----- SOURCE INFORMATION -----

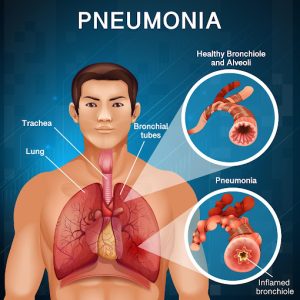 Read more about the article <strong>Pneumonia symptoms and causes</strong>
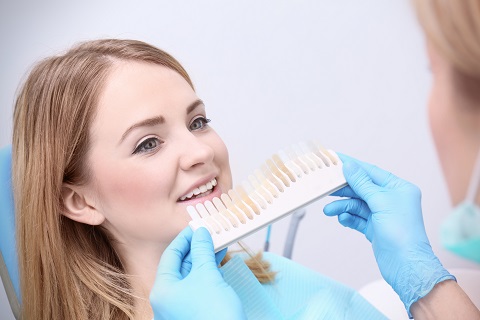 Ultimate Guide to Dental Veneers: Everything You Should Know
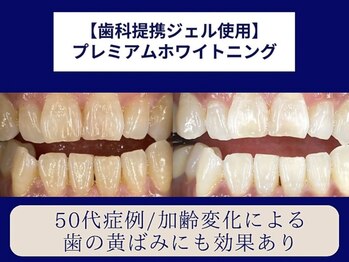 ホワイトニングカフェ 仙台店(WhiteningCafe)/☆プレミアムホワイトニング☆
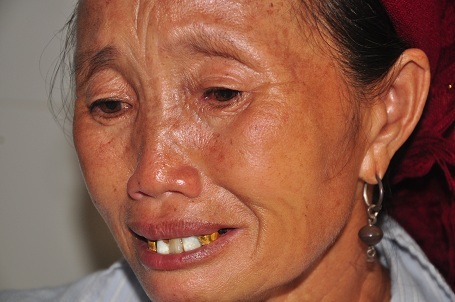 Cô Mẩy bị 2 bệnh van tim đó là hẹp hở van 2 lá và hẹp hở van động mạch chủ đồng thời có huyết khối hết trong buồng tim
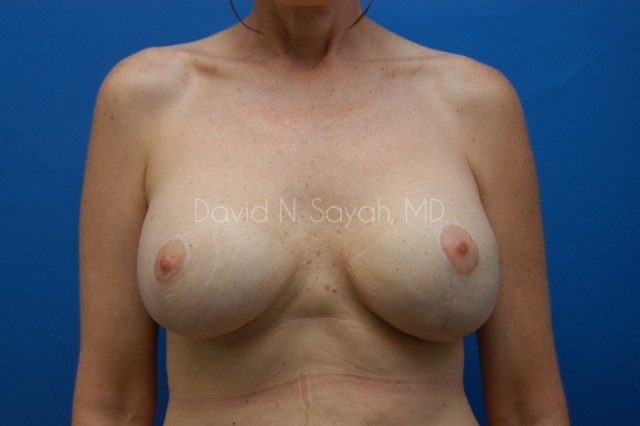 Breast Implant Revision Before and After | Sayah Institute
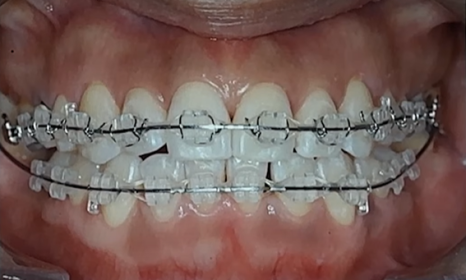 덧니교정 비발치로도 가능할까? 관련 이미지 3
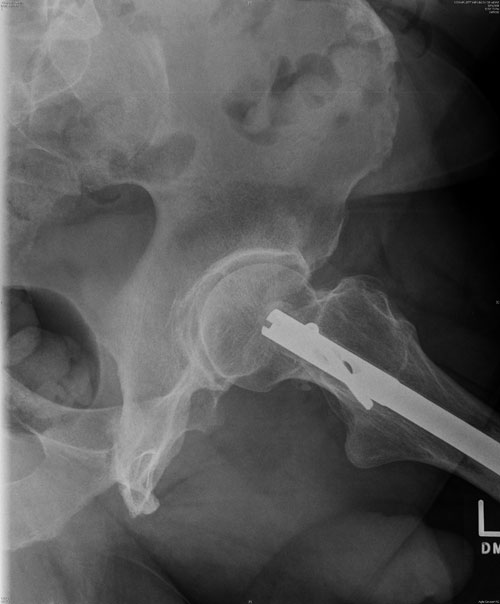 XRays from Car Accident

-----

§ AIM OF THE EXERCISE:
Starting with the first line of the material, print each line exactly until you have printed the line with "Breast Implant Revision", and skip the pictures.

§ ANSWER FOR THIS EXERCISE:
 Read more about the article <strong>Pneumonia symptoms and causes</strong>
 Ultimate Guide to Dental Veneers: Everything You Should Know
 ホワイトニングカフェ 仙台店(WhiteningCafe)/☆プレミアムホワイトニング☆
 Cô Mẩy bị 2 bệnh van tim đó là hẹp hở van 2 lá và hẹp hở van động mạch chủ đồng thời có huyết khối hết trong buồng tim
 Breast Implant Revision Before and After | Sayah Institute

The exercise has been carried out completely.